Published: September 05, 2008 08:00 pm    print this story  

Ford plans to expand buyout campaign

McCLATCHY-TRIBUNE

DETROIT -- Ford Motor Co., which already has reduced nearly 40 percent of its workforce since 2005, is ramping up its effort to get UAW-represented hourly workers to leave the company voluntarily -- hosting several job fairs and launching a Web site aimed at helping workers transition to new professions.

The automaker has not disclosed how many hourly workers it would like to leave.
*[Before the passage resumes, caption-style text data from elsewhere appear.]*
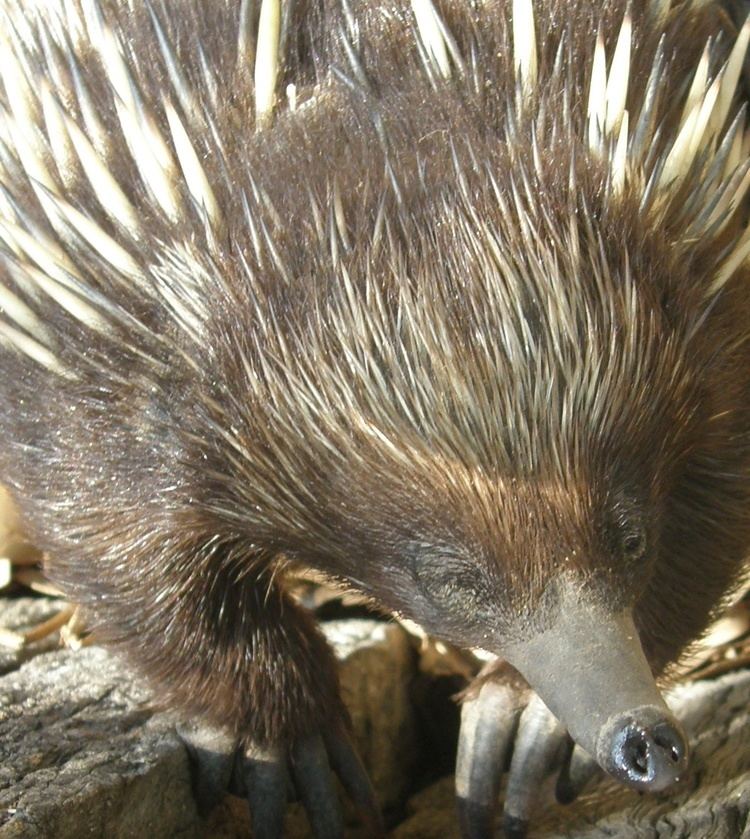 Mammals of Australia - Alchetron, The Free Social Encyclopedia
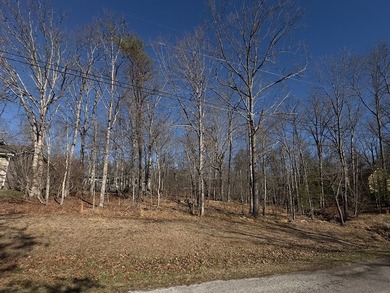 Looking for the perfect place to build your new home? Look no - photo 3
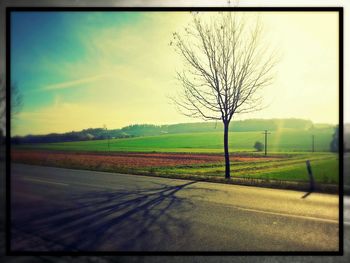 Country road on grassy field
But the company failed to meet a target of 8,000 hourly jobs earlier this year, achieving just about half of that.

The Dearborn-based automaker still has 61,000 hourly workers in North America, and it plans to host several job fairs this month and launch a Web site, www.yourjobconnection.org, in an effort to get them to consider taking one of 10 buyout packages now being offered at select plants in Michigan, Ohio and Kentucky.

Ford has "more people than jobs," Joe Hinrichs, Ford's group vice president of global manufacturing and labor affairs, says in a video on the new job site.

"We're expecting things to stay difficult for the next few years," he says.

Ford already has lost $8.6 billion through the first half of this year, on top of $15.3 billion over the past two years.

What's more, Ford's sales in the critical U.S. market have fallen 15.8 percent through August. That has caused Ford to temporarily idle several factories, leaving the company with thousands of excess workers that it must continue paying under its labor agreement with the UAW. Unless, of course, it can convince them to voluntarily leave.

"I urge you to carefully consider these programs," said Bob King, UAW vice president and director of the union's Ford department.

King says it is the union's "deep hope" that Ford and the UAW can work together to bring the workforce to the appropriate level.

The packages Ford is offering workers to leave include a lump sum of $100,000, early-retirement incentives, and educational opportunities to receive a two- or four-year college degree.